TASK TO COMPLETE: Your job with the data below is to output exactly the lines from the one holding "ASHBRIDGE - Residential" down to the one holding "175 Shoveler Duck Way, Magnolia, TX 77354", both included, and no others.
◇ ◇ ◇ ◇ ◇ ◇ ◇
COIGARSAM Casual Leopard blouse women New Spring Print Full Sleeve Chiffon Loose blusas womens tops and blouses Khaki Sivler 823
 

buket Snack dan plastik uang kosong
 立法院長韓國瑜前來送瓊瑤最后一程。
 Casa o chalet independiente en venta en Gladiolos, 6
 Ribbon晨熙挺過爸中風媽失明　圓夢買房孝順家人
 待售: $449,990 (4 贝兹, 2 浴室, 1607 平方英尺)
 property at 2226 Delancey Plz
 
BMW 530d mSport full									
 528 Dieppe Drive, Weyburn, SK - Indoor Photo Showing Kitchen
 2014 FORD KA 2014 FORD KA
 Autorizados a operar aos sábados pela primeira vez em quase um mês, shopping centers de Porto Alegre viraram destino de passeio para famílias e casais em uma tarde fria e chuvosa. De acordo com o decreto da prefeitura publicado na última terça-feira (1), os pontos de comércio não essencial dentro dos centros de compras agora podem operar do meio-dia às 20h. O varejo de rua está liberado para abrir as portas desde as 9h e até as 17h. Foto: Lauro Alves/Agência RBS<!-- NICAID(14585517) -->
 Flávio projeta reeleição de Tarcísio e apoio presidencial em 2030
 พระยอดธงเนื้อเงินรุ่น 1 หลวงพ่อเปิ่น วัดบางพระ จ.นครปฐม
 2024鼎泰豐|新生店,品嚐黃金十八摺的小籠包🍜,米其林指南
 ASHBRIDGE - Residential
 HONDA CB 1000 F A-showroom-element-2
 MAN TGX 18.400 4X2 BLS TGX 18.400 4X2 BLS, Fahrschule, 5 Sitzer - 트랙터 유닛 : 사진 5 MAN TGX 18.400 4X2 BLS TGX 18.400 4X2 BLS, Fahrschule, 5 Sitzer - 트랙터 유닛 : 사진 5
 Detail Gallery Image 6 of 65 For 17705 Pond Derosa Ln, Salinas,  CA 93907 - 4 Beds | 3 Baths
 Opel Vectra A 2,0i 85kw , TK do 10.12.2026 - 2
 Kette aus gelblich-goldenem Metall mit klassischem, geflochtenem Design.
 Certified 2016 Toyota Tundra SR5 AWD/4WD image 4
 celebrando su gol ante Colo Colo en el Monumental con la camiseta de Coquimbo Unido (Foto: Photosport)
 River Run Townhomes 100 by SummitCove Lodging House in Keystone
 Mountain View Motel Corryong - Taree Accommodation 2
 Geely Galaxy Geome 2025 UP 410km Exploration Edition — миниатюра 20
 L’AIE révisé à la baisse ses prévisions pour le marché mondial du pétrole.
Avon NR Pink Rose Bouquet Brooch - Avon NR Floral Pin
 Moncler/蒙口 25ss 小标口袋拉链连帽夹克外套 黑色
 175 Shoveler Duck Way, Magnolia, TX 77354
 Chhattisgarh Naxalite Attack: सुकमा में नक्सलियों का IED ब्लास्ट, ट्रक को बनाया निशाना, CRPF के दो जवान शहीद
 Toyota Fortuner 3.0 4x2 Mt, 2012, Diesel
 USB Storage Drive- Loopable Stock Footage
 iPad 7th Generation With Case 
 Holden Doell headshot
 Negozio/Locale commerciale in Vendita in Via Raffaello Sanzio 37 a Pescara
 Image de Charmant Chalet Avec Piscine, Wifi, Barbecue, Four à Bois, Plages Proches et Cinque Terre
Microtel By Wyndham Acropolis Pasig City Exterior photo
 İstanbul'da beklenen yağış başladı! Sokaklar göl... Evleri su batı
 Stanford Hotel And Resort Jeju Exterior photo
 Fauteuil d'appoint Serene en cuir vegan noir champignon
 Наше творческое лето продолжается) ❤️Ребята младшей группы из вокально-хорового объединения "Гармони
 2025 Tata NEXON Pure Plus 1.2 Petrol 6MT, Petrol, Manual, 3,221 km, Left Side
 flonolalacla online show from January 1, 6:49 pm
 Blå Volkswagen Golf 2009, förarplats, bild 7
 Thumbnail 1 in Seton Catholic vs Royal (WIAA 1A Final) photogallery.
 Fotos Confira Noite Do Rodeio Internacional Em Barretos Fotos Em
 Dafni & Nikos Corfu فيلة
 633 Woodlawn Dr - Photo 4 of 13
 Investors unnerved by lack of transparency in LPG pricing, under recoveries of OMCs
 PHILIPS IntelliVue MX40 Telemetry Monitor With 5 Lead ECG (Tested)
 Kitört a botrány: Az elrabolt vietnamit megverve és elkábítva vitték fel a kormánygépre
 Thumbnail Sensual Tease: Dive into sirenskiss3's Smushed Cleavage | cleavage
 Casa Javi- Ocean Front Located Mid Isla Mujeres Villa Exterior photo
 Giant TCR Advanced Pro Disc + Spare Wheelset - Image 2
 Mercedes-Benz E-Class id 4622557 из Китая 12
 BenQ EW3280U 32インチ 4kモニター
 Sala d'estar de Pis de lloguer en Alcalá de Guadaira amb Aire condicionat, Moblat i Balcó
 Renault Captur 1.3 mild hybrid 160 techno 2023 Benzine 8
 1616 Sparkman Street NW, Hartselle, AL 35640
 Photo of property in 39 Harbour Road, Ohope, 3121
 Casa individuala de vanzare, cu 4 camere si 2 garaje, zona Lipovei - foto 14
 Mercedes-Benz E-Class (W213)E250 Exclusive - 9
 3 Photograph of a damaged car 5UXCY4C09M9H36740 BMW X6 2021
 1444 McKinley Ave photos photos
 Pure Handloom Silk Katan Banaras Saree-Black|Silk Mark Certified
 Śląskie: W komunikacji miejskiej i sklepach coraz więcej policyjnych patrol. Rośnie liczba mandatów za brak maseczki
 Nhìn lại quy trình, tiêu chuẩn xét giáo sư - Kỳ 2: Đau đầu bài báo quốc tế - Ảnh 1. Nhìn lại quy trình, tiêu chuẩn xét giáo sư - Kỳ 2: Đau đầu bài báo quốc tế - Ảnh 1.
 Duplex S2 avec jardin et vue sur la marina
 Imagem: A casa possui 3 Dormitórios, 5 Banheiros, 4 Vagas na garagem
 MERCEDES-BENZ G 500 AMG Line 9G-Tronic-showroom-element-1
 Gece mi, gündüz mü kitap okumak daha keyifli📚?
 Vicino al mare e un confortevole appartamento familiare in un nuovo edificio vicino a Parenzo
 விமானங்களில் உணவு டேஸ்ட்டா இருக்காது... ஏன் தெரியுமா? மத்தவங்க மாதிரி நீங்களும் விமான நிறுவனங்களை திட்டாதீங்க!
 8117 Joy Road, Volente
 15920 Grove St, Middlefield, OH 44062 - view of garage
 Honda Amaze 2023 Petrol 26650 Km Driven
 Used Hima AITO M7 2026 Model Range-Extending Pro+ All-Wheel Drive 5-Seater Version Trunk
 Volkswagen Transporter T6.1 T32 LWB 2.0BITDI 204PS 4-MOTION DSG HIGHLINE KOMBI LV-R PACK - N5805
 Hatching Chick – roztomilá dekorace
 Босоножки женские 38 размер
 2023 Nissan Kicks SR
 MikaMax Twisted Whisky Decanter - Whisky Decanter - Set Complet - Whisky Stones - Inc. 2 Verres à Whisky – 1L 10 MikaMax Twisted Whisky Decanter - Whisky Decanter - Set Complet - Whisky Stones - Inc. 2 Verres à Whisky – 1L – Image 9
◇ ◇ ◇ ◇ ◇ ◇ ◇
ANSWER TO THE EXERCISE:
 ASHBRIDGE - Residential
 HONDA CB 1000 F A-showroom-element-2
 MAN TGX 18.400 4X2 BLS TGX 18.400 4X2 BLS, Fahrschule, 5 Sitzer - 트랙터 유닛 : 사진 5 MAN TGX 18.400 4X2 BLS TGX 18.400 4X2 BLS, Fahrschule, 5 Sitzer - 트랙터 유닛 : 사진 5
 Detail Gallery Image 6 of 65 For 17705 Pond Derosa Ln, Salinas,  CA 93907 - 4 Beds | 3 Baths
 Opel Vectra A 2,0i 85kw , TK do 10.12.2026 - 2
 Kette aus gelblich-goldenem Metall mit klassischem, geflochtenem Design.
 Certified 2016 Toyota Tundra SR5 AWD/4WD image 4
 celebrando su gol ante Colo Colo en el Monumental con la camiseta de Coquimbo Unido (Foto: Photosport)
 River Run Townhomes 100 by SummitCove Lodging House in Keystone
 Mountain View Motel Corryong - Taree Accommodation 2
 Geely Galaxy Geome 2025 UP 410km Exploration Edition — миниатюра 20
 L’AIE révisé à la baisse ses prévisions pour le marché mondial du pétrole.
Avon NR Pink Rose Bouquet Brooch - Avon NR Floral Pin
 Moncler/蒙口 25ss 小标口袋拉链连帽夹克外套 黑色
 175 Shoveler Duck Way, Magnolia, TX 77354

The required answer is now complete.